→ **EXERCISE BRIEF**:
In the listing below, locate the line containing "Western Blotting (WB)" and copy it and every line after it through the end, exactly as written, leaving out any pictures.

→ **PROVIDED DATA**:
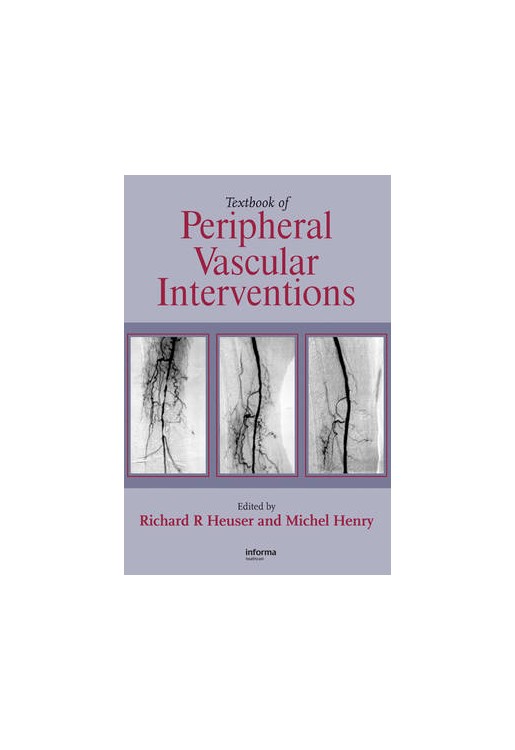 Textbook of Peripheral Vascular Interventions 2e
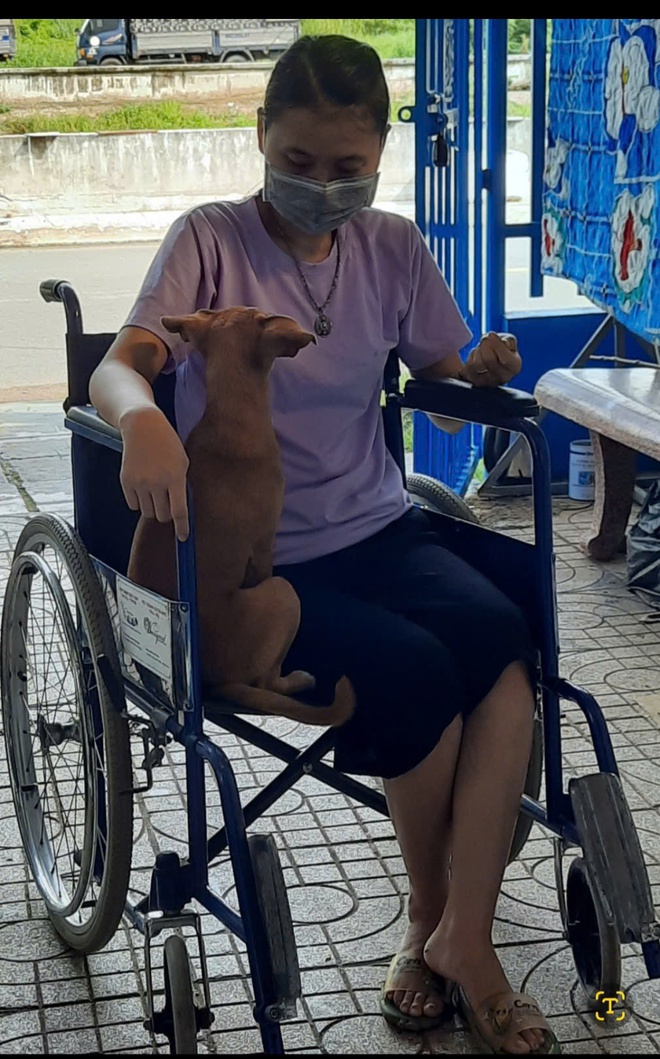 D&ugrave;ng corticoid điều trị vi&ecirc;m da, người phụ nữ bị hoại tử khớp h&aacute;ng phải ngồi xe lăn - Ảnh 2.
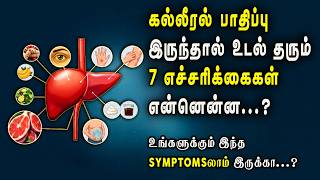 Liver Damage ஆக இருந்தால் என்னென்ன Symptoms இருக்கும்? | What are the symptoms of liver damage?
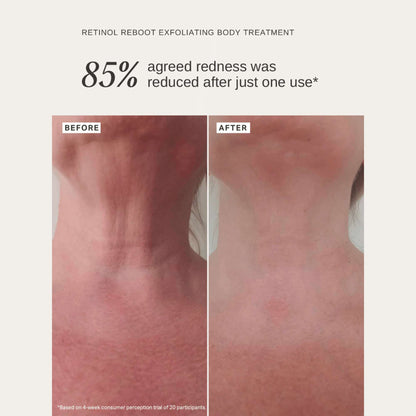 Alpha H Exfoliants Retinol Reboot Exfoliating Body Treatment 120ml - Additional 6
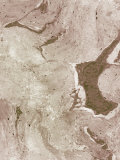 Section Through the Dermis of Human Skin Near a Mole Showing Fibroblasts Tem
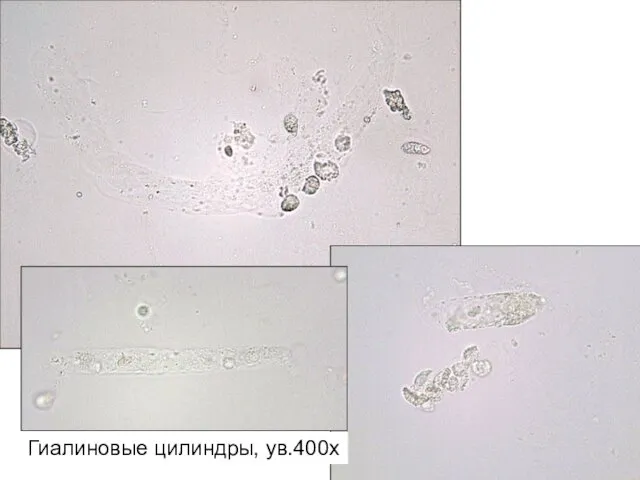 Гиалиновые цилиндры, ув.400х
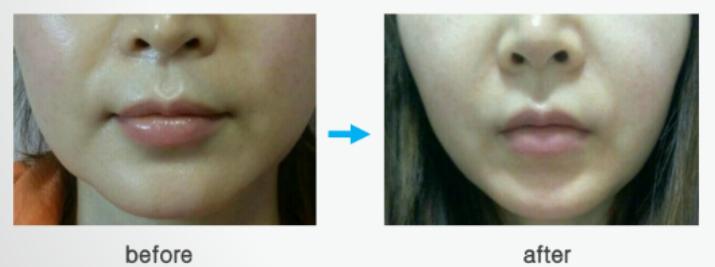 lipo lab v line before after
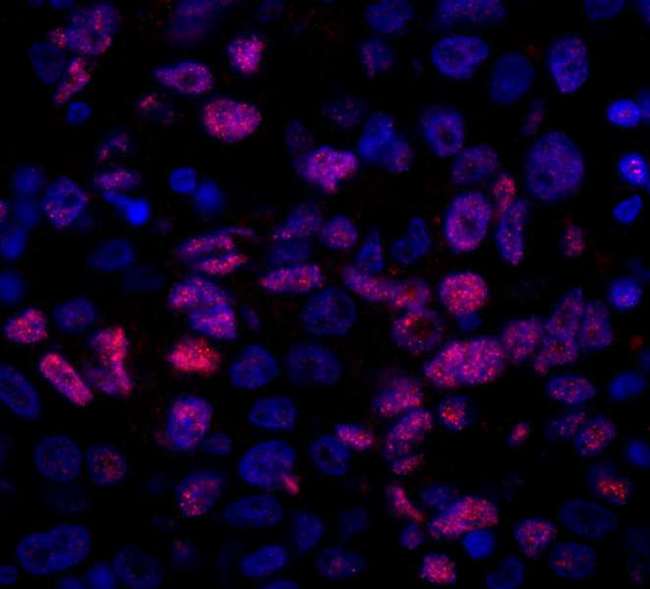 NCOA5 Antibody - Detection of Human NCOA5/CIA by Immunohistochemistry. Sample: FFPE section of human ovarian carcinoma. Antibody: Affinity purified rabbit anti-NCOA5/CIA used at a dilution of 1:100. Detection: Red-fluorescent goat anti-rabbit IgG highly cross-adsorbed Antibody used at a dilution of 1:100. Epitope Retrieval Buffer-High pH (IHC-101J) was substituted for Epitope Retrieval Buffer-Reduced pH.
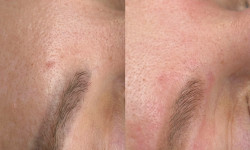 Лазерное удаление татуажа Майстер перманентного макіяжу Анна Буча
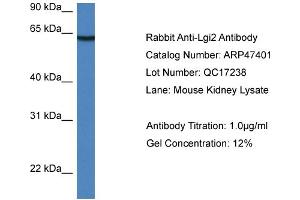 Western Blotting (WB) image for anti-Leucine-Rich Repeat LGI Family, Member 2 (LGI2) (Middle Region) antibody (ABIN2782947) (LGI2 Antikörper  (Middle Region))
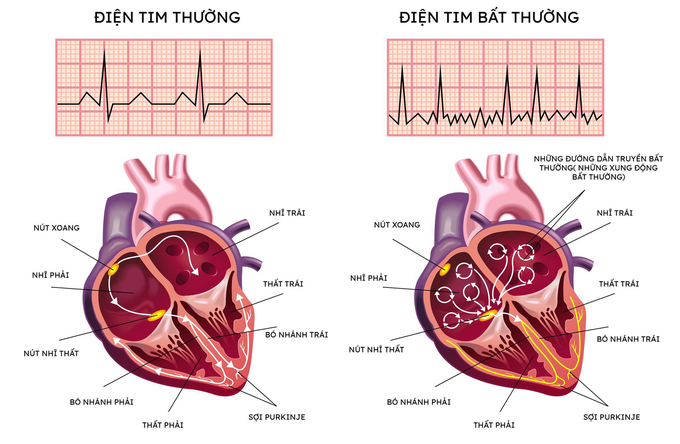 Rung nhĩ là rối loạn nhịp tim thường gặp nhất. Bệnh nhân mắc rung nhĩ có nguy cơ đột quỵ cao gấp 5 lần người bình thường.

→ **EXERCISE RESPONSE**:
 Western Blotting (WB) image for anti-Leucine-Rich Repeat LGI Family, Member 2 (LGI2) (Middle Region) antibody (ABIN2782947) (LGI2 Antikörper  (Middle Region))
 Rung nhĩ là rối loạn nhịp tim thường gặp nhất. Bệnh nhân mắc rung nhĩ có nguy cơ đột quỵ cao gấp 5 lần người bình thường.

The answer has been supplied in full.